They increase foot traffic, attention, and in some cases, spending.
How you feel about parklets—street-parking spaces converted into temporary gathering spots—depends in large part on how you get around the city. If you walk or take a bike, and generally prefer a more human scale to the urban environment, you probably love these little plazas and sitting places. If you drive and spend much of your life in the endless Costanzian battle that is finding a parking spot, you probably don't.
Those positions aren't likely to budge anytime soon. So the real tiebreaking question, at least in terms of public opinion, is how businesses themselves feel about repurposing their storefront parking spots for pedestrians. If Chicago retailers are any indication, get ready for the parklets.
Chicago started allowing businesses to create parklets called People Spots a few years ago. Nine emerged across the city: two in Andersonville, four in Lake View, one in the downtown Loop, and two in Bronzeville. This past summer, the local Metropolitan Planning Council evaluated the business impact of these spots by recording a full day's activity at each and interviewing parklet users and retailer owners alike.
MPC concluded that People Spots "can be a powerful economic tool for neighborhood businesses." Here are three reasons why.
1. More Foot Traffic. About 80 percent of the businesses near a People Spot experienced more foot traffic, according to the observations and interviews. Overall, a third of the parklet users said they would probably be at home if the spot wasn't there. That suggests the People Spots didn't just displace pedestrian activity from other stores and sidewalks, but rather generated new walking trips. Business owners also said the parklets made the store feel safer, perhaps because they add a buffer between the sidewalk and the street.
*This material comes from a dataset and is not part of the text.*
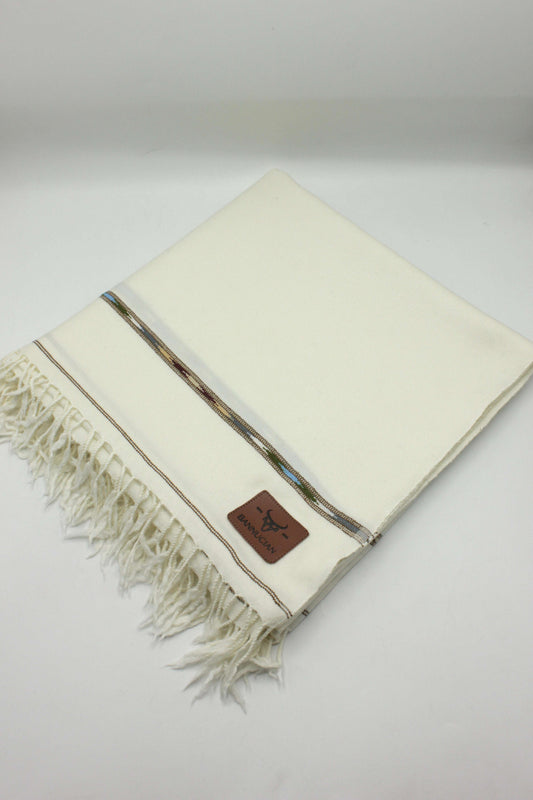 Premium Quality Double Fiber Off White Multi Color Striped Pure Woolen Shawl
2. More Attention. People Spots also generated some unexpected word-of-mouth advertising for retailers. A bike shop owner near one of the parklets said it was "Instagram Heaven," and even motivated him to improve his storefront exterior. In one full day of activity recording at this spot, MPC counted 83 people using the parklet, for an average of 36 minutes each. A clothing store owner at a different spot, who compared the People Spot to a "town square," noted that users sat in the parklet and just stared at the storefronts.
3. More Spending. And then there's the bottom line. About a third of the visitors said they made "unplanned food or beverage purchases," according to MPC. Some of the businesses themselves reported an increase in sales between 10 and 20 percent. The People Spots did require some initial investment by retailers, but at least one owner said the parklet process was much easier than, say, getting permits for a sidewalk café. There were potential long-term benefits, too, as the People Spots helped business associations promote retail corridors and attract special events.
So in some parts of Chicago, at least, pedestrian parklets are good business. The People Spots also serve as a great model for how cities can encourage private investment in public programs. In this case, the businesses themselves paid for the design and maintenance of the parklets, while the city supervised the spots through its "Make Way for People" initiative.
More than that, the MPC findings enhance a broader appreciation some retailers have acquired toward non-driver spending habits. While conventional wisdom holds that businesses need free parking spaces to thrive, recent studies have shown that walkers and cyclists actually outspend drivers on occasion. At the very least, swapping a parking spot for a bike lane or a pedestrian plaza seems to do no harm to business while providing a great deal of balance to urban mobility.